• _What the exercise asks_
Would you please return only the lines from the one with "Hauptcwartier Coworking Space" through the last line of the records below, leaving the pictures out?

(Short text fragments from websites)
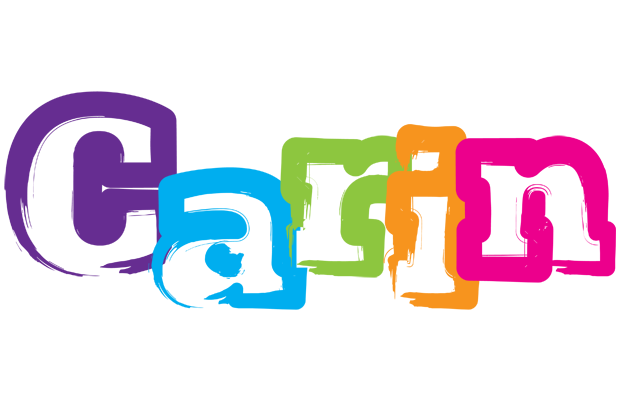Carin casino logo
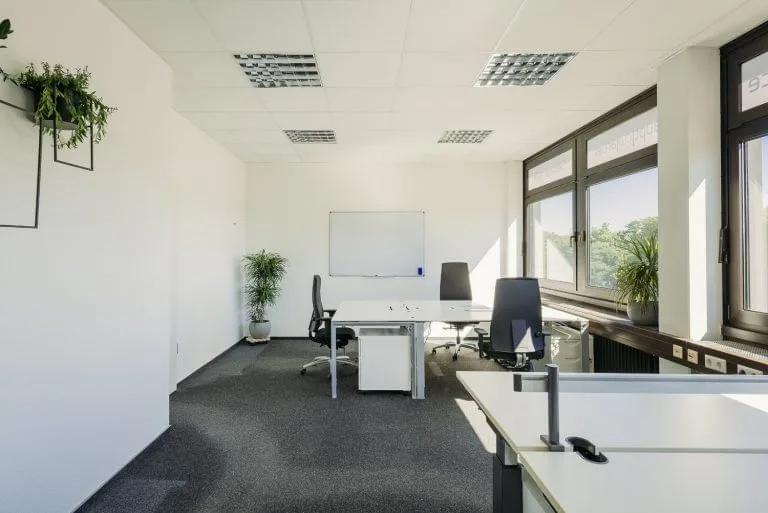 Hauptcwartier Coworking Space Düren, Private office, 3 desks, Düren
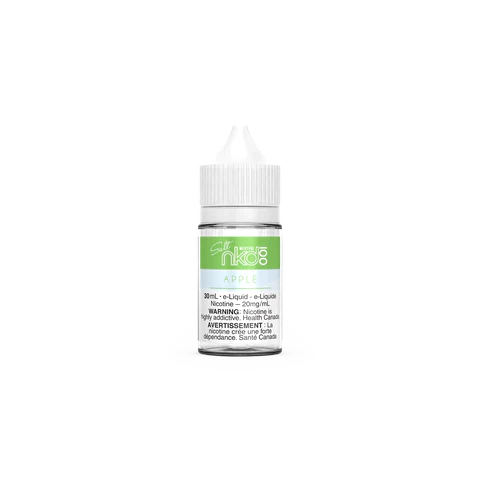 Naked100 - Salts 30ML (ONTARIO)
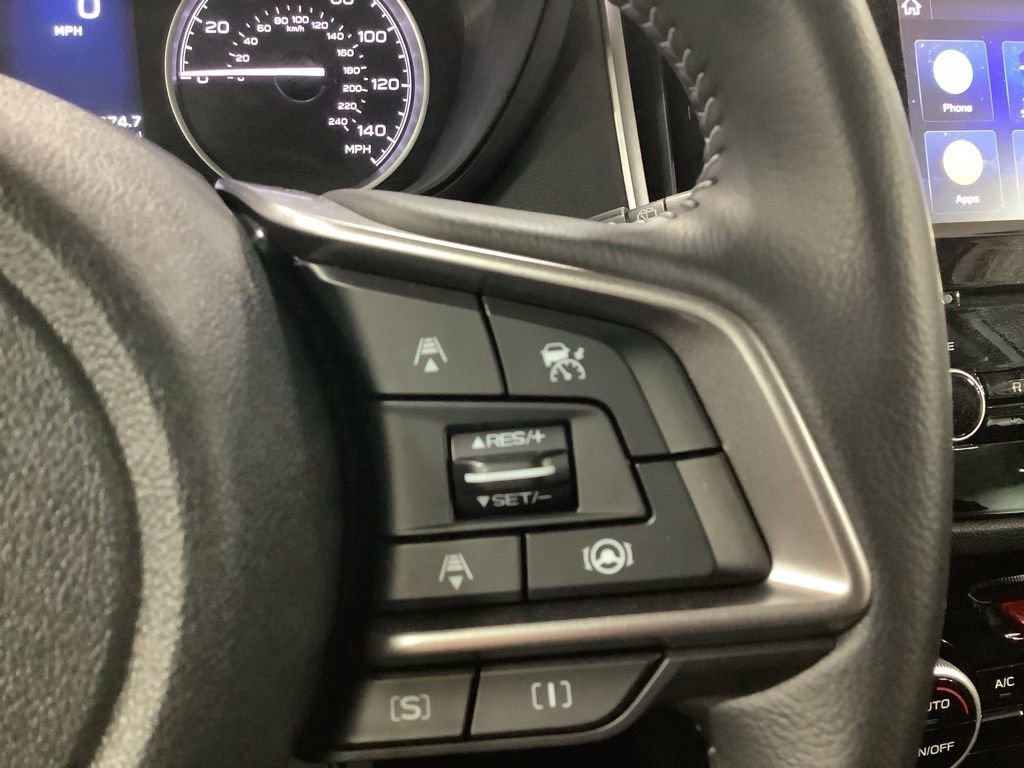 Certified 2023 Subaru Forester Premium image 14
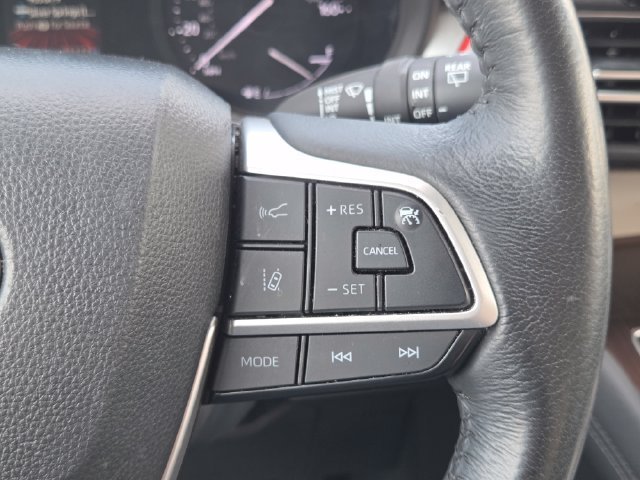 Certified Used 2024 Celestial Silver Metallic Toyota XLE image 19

• _Written answer_
 Hauptcwartier Coworking Space Düren, Private office, 3 desks, Düren
 Naked100 - Salts 30ML (ONTARIO)
 Certified 2023 Subaru Forester Premium image 14
 Certified Used 2024 Celestial Silver Metallic Toyota XLE image 19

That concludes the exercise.